__What you should do__:
No pictures belong in the result; set down exactly the lines from the one containing "للبيع iPhone 16 حالة ممتاز – أسود 2" through the final line of the listing, and nothing more.

╭─ Data segment

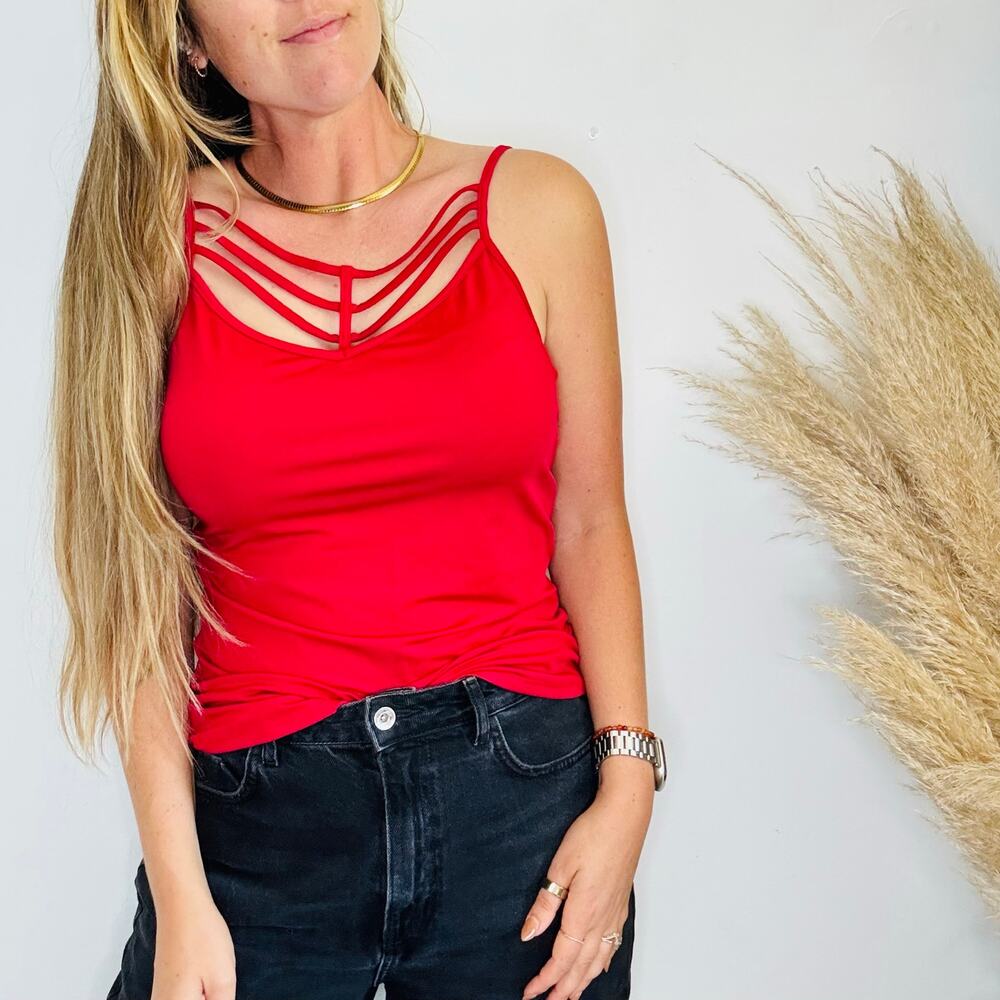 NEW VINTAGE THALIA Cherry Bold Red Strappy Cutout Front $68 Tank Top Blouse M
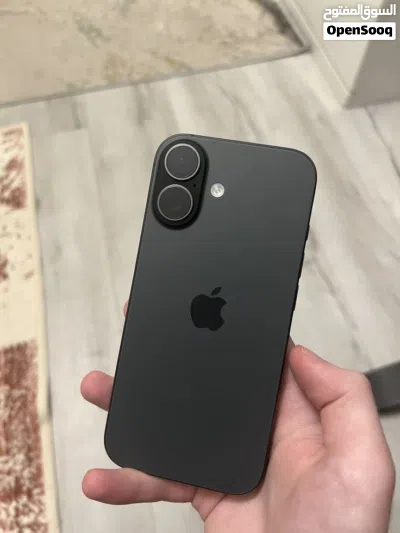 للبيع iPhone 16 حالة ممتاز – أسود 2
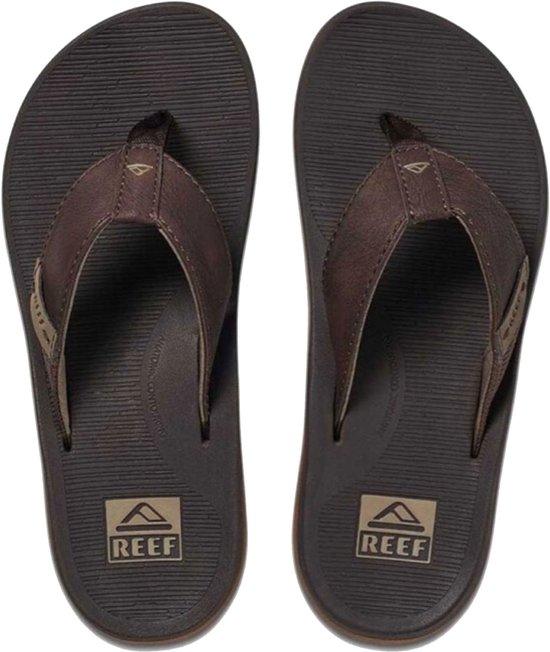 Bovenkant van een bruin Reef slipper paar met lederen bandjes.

╰─

__Solution below__:
 للبيع iPhone 16 حالة ممتاز – أسود 2
 Bovenkant van een bruin Reef slipper paar met lederen bandjes.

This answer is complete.